Schultze conceded that the size of the June drop - which has been matched or exceeded in only three months during the last 15 years - may be a statistical aberration. "I don't know that it is, but it may be," he said. But the continuing decline in joblessness "confirms" the continuing good news on the employment front, Schultze went on.
Only Thursday the administration released a major revision of its economic projections that forecast unemployment would be at 5.9 percent by the end of the year. If that is correct joblessness can be expected to rise in coming months.
But the president's economic advisers have consistently underestimated the improvement in unemployment and at the same time underestimated the nation's inflation problem. In the Thursday revision the administration upped its 1978 inflation projection from 6 to 7.2 percent.
Schultze, at a White House briefing yesterday, called the 0.7 percent June rise in prices of so-called finished goods ready for final business or consumer users "clearly too high."
He said the continuing high inflation, both at the wholesale and consumer price level, demonstrates the necessity "to pursue the administration's anti-inflation program vigorously."
After the Schultze briefing, presidential inflation counselor Robert S. Strauss announced that the nation's home builders say they plan to cooperate with the president's anti-inflation program and will try to hold the increase in new homes prices this year below the 11 percent average of the last two years.
The Labor Department said employment gains in the economy last month were widespread, with teen-agers and adult men faring slightly better than adult women.
A survey of nonfarm business payrolls, which is different from the survey of households used to compute the unemployment rate, showed a strong gain of 275.000 jobs.
The Labor Department said the unemployment rate for nearly all groups in the economy declined in June. For whites the rate fell to 4.9 percent from 5.2 percent, while for blacks declined to 11.9 percent from 12.3 percent. The rate for black teen-agers fe11 to 37.1 percent from 38.4 percent.
Schultze said that with unemployment down to 5.7 percent, overall economic growth is less likely to yield further large reductions. Instead, he said, the government must concentrate on specific programs aimed at helping groups, such as inner-city youths, with special job-finding problems.
Government analysts said that part of the improvement in the teen-age unemployment problem last month can probably be attributed to special youth programs.
While the improvement in unemployment is heartening, said Brookings Institution economist Arthur Okun. 'I cannot generate a lot of enthusiasm' on the inflation side.
Okun noted that productivity, or output per hour worked, has been declining steadily for the last year, pushing up the cost of doing business, and that wage gains appear to be accelerating.

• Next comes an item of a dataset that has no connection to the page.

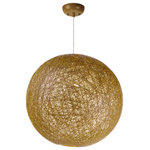 Maxim Lighting - Bali 1-Light Chandelier, Natural, 19" - Spherical dual shades constructed of woven string in two tone finish combinations, Natural with White inner and Chocolate with White inner.  Shades are treated for weather resistance and are U.L. approved for damp location which make them perfect for outdoor living spaces.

"More people are getting employed," said Okun, a chairman of the Council of Economic Advisers in the Johnson administration, "but they seem to be producing less."
At the wholesale price level, costs turned up sharply for most meats, including beef, as well as for dried fruits and vegetables. After big 1.2 percent and 2.8 percent increases in April and May, prices for consumer durable goods such as cars rose only 0.2 percent.
The index for capital equipment, such as machinery, rose 0.8 percent after a 0.9 percent rise in May.
The index for intermediate materials, which are semifinished goods such as steel or flour, rose 0.3 percent, while the crude materials index of products like iron ore rose 1.7 percent.
The index of finished goods stood at 194.4 percent of its 1967 average last month, which means that a selection of goods costing $100 in 1967 cost $194.40 in June.